Saturday, September 20, 2014
"A SOUTHERN GIRL" TAKES YOU ON A WONDERFUL JOURNEY
Every community has characteristics that mark its identity and, by extension, the people who inhabit it. Clinging to traditions and resisting change are indicative of a staunchness of principle, an abhorrence of the encroachment of modernity, a comfort in maintaining what has worked for generations in the past.
John Warley has written a wonderfully engaging novel about knocking on the doors of tradition to open them wide to the fresh air of progress. In his new book "A Southern Girl," he exposes the narrow mindedness that can paralyze and stultify modes of thinking, where the idea of change is frighteningly avoided, setting his tale in the Southern bastion of Charleston.
His story is partly autobiographical.

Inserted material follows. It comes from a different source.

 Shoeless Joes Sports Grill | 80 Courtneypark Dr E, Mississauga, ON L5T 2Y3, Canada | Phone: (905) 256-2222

He and his wife and two sons opened their home and hearts to adopt a baby daughter Mary Beth. How similar or unlike MaryBeth is from Allison in his fictional tale can only be determined by the author himself. With an eloquence for words, the reader is swept into the journey of Coleman and Elizabeth Carter and how one tiny infant from South Korea changed their lives irrevocably. The attorney in Coleman initially resisted his liberal wife Elizabeth's proposal to bring a "foreigner" into their midst.. If Coleman was resistant, his parents were apoplexic. As noble and honored Southerners, adopting "an unknown entity" was unthinkable.
But Elizabeth's wishes prevailed and the Carter family adjusted in a hundred different ways as the sweet new one captured their hearts. "A Southern Girl" carries the reader through a magnolia strewn path of changes as Allie, an avid horse lover, grows into her own person. Along the way we meet fascinating people like Hana, Jong Sim, Mr. Quan and Natalie.
The early death of Elizabeth, as well as the passing of Coleman's father and the much earlier death of Coleman's good friend Philip, bring turning points to the family. It is only when Allie, considered a outsider by Southern standards, is snubbed by the elite coming-out ball held by the St. Simeon Society, that Coleman faces the prejudices that the genteel community clings to so fiercely, like the creeping vine kudzu that chokes whatever it comes in contact with.
How Coleman rises to the occasion, to fight for his daughter's rightful place of honor, is at the compelling center of "A Southern Girl." With lawyer-like skills and a determination his late wife Elizabeth's would applaud, Coleman questions the establishment, protecting his own child at great personal cost.
Let John Warley, who left his own legal career for several years and took his family to San Miguel de Allende, Mexico, to write this inspiring novel, sweep you along on Coleman Carter's journey as a man, husband, parent, friend and warrior.